Lib ile birlikte, İrlanda’nın rüzgarı yüzümüze çarpa çarpa, kasvetli karanlığında, yere yakın küçücük pencerelerinden sızan ışığı takip ede ede bizden saklanılanı bulmaya çalışıyoruz. Ve bulduğumuza inanmaya. Filmin açılış ve kapanış planları, yaşanılan hikayenin bir zamanı olmadığını, bunun sadece bir örnek olduğunu da aklımızda tutmamız gerektiğini hatırlatıyor. Tam dört defa oyuncularla göz göze geliyoruz ve aslında hikayenin dışında değil, bizzat içinde olduğumuzu da hissediyoruz.

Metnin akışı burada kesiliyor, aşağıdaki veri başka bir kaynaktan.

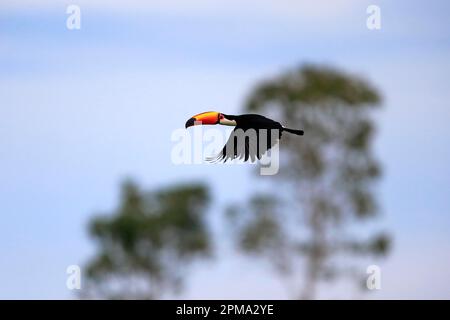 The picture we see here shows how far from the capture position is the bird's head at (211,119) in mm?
15578

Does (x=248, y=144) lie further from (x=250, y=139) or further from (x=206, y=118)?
(x=206, y=118)

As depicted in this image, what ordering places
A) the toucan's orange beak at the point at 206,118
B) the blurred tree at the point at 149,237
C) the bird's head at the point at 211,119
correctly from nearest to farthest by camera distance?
the bird's head at the point at 211,119
the toucan's orange beak at the point at 206,118
the blurred tree at the point at 149,237

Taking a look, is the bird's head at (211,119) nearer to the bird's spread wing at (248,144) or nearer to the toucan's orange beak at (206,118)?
the toucan's orange beak at (206,118)

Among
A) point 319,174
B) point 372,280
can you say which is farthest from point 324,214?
point 372,280

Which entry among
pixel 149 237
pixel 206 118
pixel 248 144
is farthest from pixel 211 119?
pixel 149 237

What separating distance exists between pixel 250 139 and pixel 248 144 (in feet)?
0.44

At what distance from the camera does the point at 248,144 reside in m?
15.0

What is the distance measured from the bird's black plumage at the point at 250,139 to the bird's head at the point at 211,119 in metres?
0.41

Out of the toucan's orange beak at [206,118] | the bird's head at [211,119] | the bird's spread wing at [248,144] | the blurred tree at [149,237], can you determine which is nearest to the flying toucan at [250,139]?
the bird's spread wing at [248,144]

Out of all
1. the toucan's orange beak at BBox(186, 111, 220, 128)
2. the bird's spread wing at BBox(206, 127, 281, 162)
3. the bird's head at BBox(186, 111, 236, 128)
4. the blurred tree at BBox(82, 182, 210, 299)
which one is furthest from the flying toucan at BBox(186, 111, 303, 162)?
the blurred tree at BBox(82, 182, 210, 299)

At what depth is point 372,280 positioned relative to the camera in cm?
2273

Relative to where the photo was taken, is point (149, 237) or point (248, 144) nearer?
point (248, 144) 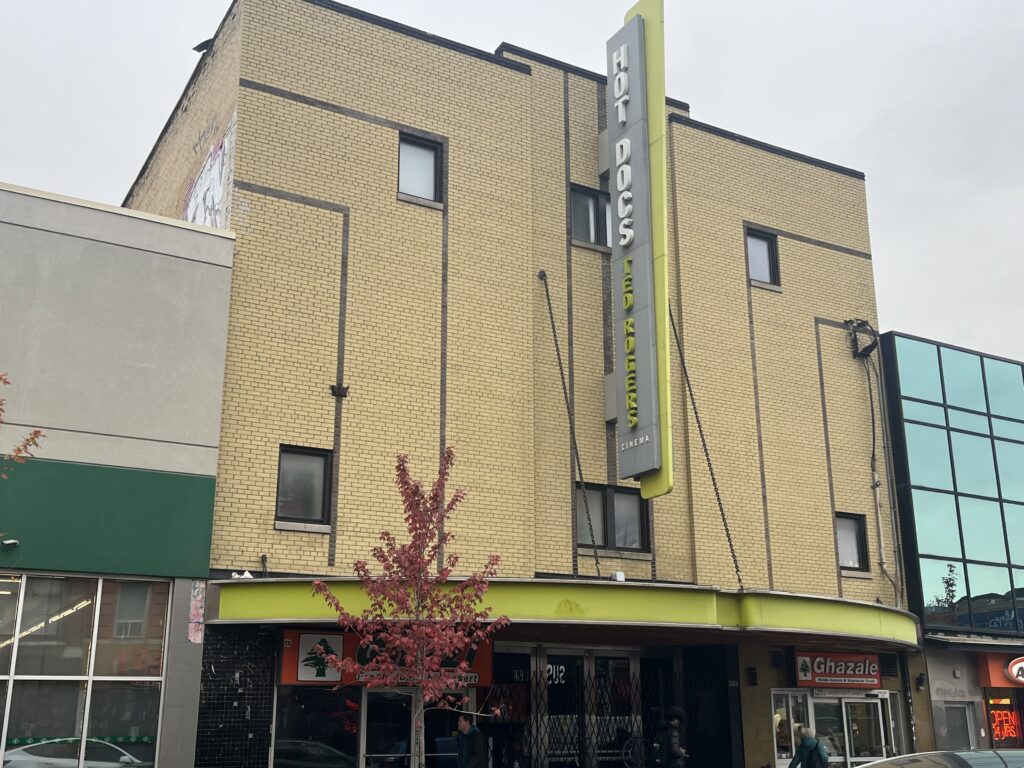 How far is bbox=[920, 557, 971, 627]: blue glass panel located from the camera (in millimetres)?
23500

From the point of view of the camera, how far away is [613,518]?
20156 mm

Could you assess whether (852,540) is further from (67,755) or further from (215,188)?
(67,755)

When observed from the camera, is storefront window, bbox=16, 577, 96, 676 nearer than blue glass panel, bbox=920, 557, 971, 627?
Yes

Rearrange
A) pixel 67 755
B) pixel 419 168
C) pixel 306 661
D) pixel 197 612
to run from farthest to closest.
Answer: pixel 419 168 → pixel 306 661 → pixel 197 612 → pixel 67 755

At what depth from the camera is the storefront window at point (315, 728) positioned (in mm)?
16094

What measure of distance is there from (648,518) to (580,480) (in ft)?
5.74

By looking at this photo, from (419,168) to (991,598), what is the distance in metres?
15.4

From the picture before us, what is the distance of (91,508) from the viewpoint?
49.9 feet

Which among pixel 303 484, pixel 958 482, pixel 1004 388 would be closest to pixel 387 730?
pixel 303 484

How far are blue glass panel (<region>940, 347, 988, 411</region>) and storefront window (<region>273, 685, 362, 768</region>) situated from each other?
15.8 metres

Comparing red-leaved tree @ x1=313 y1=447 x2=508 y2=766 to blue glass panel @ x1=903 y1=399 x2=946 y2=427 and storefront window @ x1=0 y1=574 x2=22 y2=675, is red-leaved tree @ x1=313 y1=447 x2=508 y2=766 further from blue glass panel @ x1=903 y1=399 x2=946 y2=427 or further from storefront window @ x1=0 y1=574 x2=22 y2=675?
blue glass panel @ x1=903 y1=399 x2=946 y2=427

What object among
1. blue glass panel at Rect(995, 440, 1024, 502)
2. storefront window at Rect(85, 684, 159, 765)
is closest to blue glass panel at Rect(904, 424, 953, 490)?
blue glass panel at Rect(995, 440, 1024, 502)

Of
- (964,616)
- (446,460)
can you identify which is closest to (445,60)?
(446,460)

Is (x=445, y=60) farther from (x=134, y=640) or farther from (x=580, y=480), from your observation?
(x=134, y=640) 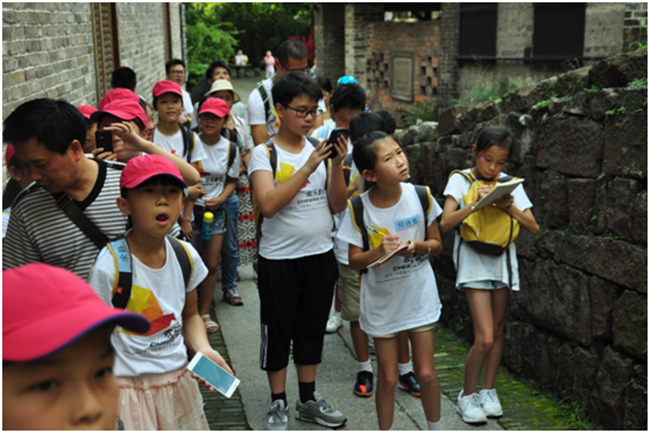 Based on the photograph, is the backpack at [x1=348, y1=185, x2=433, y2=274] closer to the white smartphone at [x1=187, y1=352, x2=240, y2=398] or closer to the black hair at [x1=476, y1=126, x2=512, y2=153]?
the black hair at [x1=476, y1=126, x2=512, y2=153]

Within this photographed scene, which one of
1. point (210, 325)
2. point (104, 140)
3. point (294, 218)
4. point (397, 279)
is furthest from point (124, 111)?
point (210, 325)

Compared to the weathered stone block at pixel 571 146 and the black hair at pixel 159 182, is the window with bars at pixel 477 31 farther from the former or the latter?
the black hair at pixel 159 182

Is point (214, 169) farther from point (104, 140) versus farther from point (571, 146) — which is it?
point (571, 146)

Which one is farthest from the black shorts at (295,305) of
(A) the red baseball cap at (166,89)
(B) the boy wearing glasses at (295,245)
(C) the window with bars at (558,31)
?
(C) the window with bars at (558,31)

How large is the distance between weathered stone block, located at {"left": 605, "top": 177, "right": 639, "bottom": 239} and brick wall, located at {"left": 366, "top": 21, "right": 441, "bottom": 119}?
12484 mm

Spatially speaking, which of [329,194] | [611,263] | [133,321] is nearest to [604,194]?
[611,263]

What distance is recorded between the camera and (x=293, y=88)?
13.5 ft

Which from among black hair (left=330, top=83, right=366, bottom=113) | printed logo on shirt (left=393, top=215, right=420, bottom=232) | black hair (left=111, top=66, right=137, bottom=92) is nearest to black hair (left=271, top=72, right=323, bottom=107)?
printed logo on shirt (left=393, top=215, right=420, bottom=232)

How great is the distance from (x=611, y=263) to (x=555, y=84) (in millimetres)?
1379

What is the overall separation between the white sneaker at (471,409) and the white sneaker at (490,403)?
0.04 m

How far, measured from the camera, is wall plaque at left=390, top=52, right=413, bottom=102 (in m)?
17.9

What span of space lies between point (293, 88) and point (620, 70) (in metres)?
→ 1.92

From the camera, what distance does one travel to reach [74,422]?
1383 millimetres

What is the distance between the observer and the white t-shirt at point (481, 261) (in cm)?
441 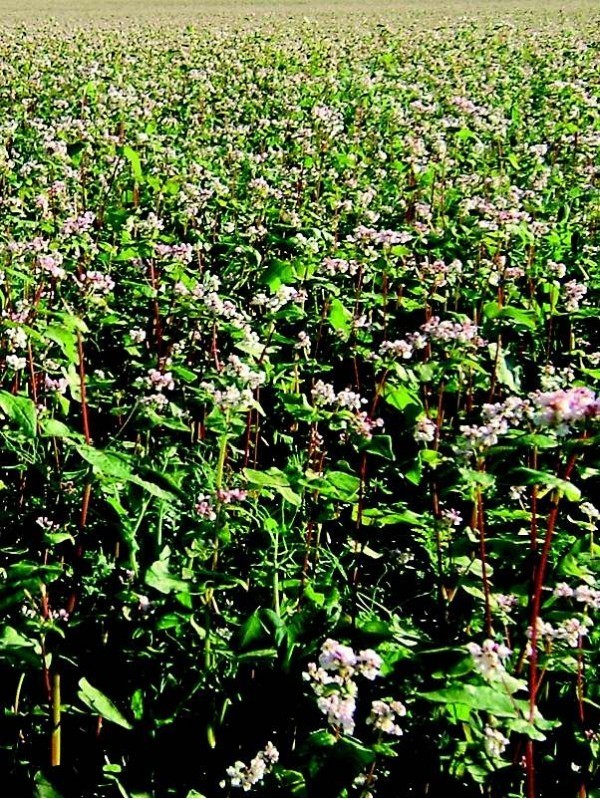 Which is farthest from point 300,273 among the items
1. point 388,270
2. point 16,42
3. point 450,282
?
point 16,42

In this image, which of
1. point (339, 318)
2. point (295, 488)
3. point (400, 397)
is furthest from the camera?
point (339, 318)

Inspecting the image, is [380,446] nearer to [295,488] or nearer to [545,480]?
[295,488]

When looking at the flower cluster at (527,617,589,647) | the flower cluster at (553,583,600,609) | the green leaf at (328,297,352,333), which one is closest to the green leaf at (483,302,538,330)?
the green leaf at (328,297,352,333)

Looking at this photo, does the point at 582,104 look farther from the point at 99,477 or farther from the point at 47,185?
the point at 99,477

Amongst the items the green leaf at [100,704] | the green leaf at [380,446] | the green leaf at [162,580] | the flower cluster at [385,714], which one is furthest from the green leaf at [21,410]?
the flower cluster at [385,714]

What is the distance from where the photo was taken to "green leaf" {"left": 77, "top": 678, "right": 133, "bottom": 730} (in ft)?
6.84

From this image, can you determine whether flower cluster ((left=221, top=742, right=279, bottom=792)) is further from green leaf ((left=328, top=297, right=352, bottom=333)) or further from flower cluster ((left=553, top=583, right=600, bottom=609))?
green leaf ((left=328, top=297, right=352, bottom=333))

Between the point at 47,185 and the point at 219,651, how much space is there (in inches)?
139

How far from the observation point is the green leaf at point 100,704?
6.84 feet

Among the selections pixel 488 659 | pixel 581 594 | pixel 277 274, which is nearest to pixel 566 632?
pixel 581 594

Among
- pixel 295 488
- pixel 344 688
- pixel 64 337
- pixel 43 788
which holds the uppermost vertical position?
pixel 64 337

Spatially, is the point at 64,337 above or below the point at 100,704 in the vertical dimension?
above

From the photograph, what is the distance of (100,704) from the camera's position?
6.91ft

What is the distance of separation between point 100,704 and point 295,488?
0.90 metres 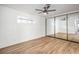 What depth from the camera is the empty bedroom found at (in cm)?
385

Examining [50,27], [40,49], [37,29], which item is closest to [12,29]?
[40,49]

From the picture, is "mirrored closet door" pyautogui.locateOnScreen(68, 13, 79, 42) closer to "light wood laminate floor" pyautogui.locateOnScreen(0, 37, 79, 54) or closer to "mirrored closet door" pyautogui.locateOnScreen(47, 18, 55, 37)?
"light wood laminate floor" pyautogui.locateOnScreen(0, 37, 79, 54)

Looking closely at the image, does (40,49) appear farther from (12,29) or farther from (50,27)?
(50,27)

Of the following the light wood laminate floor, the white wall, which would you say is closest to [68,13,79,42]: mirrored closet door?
the light wood laminate floor

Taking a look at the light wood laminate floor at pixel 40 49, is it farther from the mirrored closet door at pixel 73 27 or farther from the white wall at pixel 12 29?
the mirrored closet door at pixel 73 27

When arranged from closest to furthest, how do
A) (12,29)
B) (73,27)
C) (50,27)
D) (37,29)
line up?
(12,29) < (73,27) < (37,29) < (50,27)

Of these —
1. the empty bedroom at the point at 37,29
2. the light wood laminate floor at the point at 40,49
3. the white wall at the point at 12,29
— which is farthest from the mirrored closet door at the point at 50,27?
the light wood laminate floor at the point at 40,49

Nitekim isimler yabancı, mekan yabancı ama hikaye çok tanıdık. Bağnazlığın insanları hapsettiği korkunç karanlığın çocukları nasıl yuttuğunu yakından defalarca gördük, izledik. İnançlı geçinen çevrelere emanet edilen çocukların yaşadığı toplu tecavüz ve istismarların, nasıl da cezasız kaldığını gördük. Bir çocuğun sadece bir çocuk olmasına tahammül edilmediğini, kabullenilmediğini, ailelerin, toplumun, devletin kendi bekası için mevcut tüm karanlığını onların zihnine nasıl boca ettiğini gördük. İnsanların omuzlarına yüklenilen inanç yüklerinin onları ve çevrelerini ne hale getirdiğini gördük. Dünyanın gün geçtikçe bilimden, bilime inanmaktan nasıl da uzaklaştığını gördük. Yüz yıllar önce, bir parça ışık için mücadele eden ve bu uğurda canını veren insanların mücadelesinin nasıl da hiçleştirildiğini ve her çağın aynı mücadeleleri yeni baştan başlatmak zorunda kaldığını gördük. Ve tıpkı Anna’nın oynadığı “içerde, dışarda” oyununda olduğu gibi kendimize sormamız gerekir belki de: Hikayenin neresindeyiz? Esas mucize nedir, nerededir?
Filmi izlerken sadece bir çocuğun değil aynı zamanda kadınların da sıkıştırıldıkları küçük alanlara şahit oluyoruz. Ve şahit olduğumuz her şey gibi bu da öfkelendiriyor bizi: Lib’in tüm profesyonelliğine rağmen komite üyelerince, “senin işin sadece gözlemek, başka şeylere karışma” diyerek ayar verilmesi, alttan alta sürekli küçümsenmesi, Anna’nın annesinin körkütük inancından dolayı kızını bile ölüme terk etmesi, Lib’in kaldığı evdeki kadının onca çocuğa bakmak zorunda kalması…
Ama filmin sonunda Lib ile Anna’nın yakınlaşmaları, birbirleriyle kurdukları sağlam bağ, yönetmenin önceki filmlerinden aşina olduğumuz kadının gücünü çok iyi çizen çizgisini hatırlatıyor.
Filmi izlerken merak ettiğim şeylerden biri de görüntü yönetmeni oldu. Sanırım Ari Wegner ismini uzun süre unutmayacağım. Filmin muhteşem görüntülerini de.